Et si la FRA - Dachnack, si habile à manipuler les hommes politiques français, était elle aussi manipulée depuis plus d’un demi siècle ? Quelques faits offrent matière à réflexion et une toute autre analyse s’esquisse. C’est au milieu des années 60 que le terme "génocide" a été utilisé non seulement pour qualifier les massacres mais aussi pour justifier toutes les actions engagées contre la Turquie. Or cette stratégie a été lancée depuis Erevan, capitale de la République soviétique d’Arménie. Dans l’URSS d’alors, ce n’est pas le genre d’initiative qui se prend sans que le Kremlin soit intervenu. En 1965 toute l’administration centrale de la FRA-Dachnack, le Fond financier, les secrétariats des organisations sont transférés à Beyrouth, c’est-à-dire sous influence soviétique par Syriens interposés.

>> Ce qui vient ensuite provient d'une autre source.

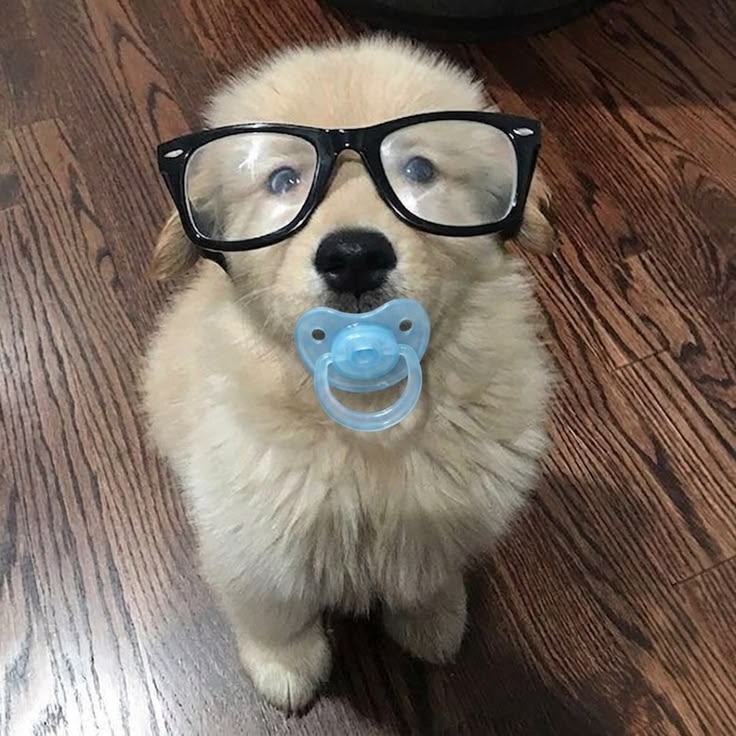 retweetanimalss's tweet photo. https://t.co/JH8cOW194s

Le prétexte du génocide sera dès lors utilisé à fond pour mobiliser la diaspora dans le monde entier. Pour l’URSS, c’est un coup de maître en pleine Guerre Froide. La Turquie se réveille "ennemi héréditaire" harcelée par des Arméniens de la diaspora qui sont pourtant, comme elle, dans le camp occidental.
L’URSS n’a jamais vu d’un bon oeil le début d’unification de l’Europe. Que la Turquie à son tour se rapproche de Bruxelles ne peut qu’irriter Moscou. L’effort depuis lors porte donc non seulement sur la Turquie membre de l’OTAN mais aussi sur la Turquie alliée de la Communauté européenne.
Depuis plus de 40 ans sans discontinuer le Dachnack traite la Turquie en ennemi privilégié. Depuis plus de 40 ans, la stratégie du Dachnack sert parfaitement les intérêts soviétiques d’abord et russes aujourd’hui. Dans le Caucase comme à Bruxelles, à Marseille comme à Paris, à l’Assemblée nationale comme au Sénat. La seule question qui vaille est : jusqu’à quand ?
Pour tout compliquer, le Président Nicolas Sarkozy a fait du rapprochement avec la Russie un axe majeur de sa politique étrangère. Il a fait aussi de son opposition à la candidature turque son cheval de bataille, contrairement aux engagements pris, au point d’irriter ses autres partenaires au sein de l’Union Européenne. Il devient logique de se demander si N. Sarkozy ne cherche pas la rupture avec la Turquie en toute connaissance de cause, pour mieux plaire à la Russie plus encore qu’à la frange la plus conservatrice et xénophobe de son électorat. Nicolas Sarkozy, Apprenti Sorcier, joue avec le feu et avec notre avenir.
Nous sommes bien loin du débat sur la pénalisation du déni qui vient en discussion au Sénat ? Non. La stratégie d’affrontement initiée et poursuivie par le Dachnack via une poignée d’élus français, a son prolongement naturel au plan géopolitique si, à l’initiative de la France, le fossé devait s’agrandir entre la Turquie et l’Union Européenne au seul bénéfice de la Russie.
Nous, Turcs de France et de Turquie, nous savons bien que le modèle de société qui nous inspire et nous guide est celui de l’Europe démocratique. Ce serait un triste gaspillage de tous nos efforts d’y renoncer aujourd’hui pour quelque motif que ce soit.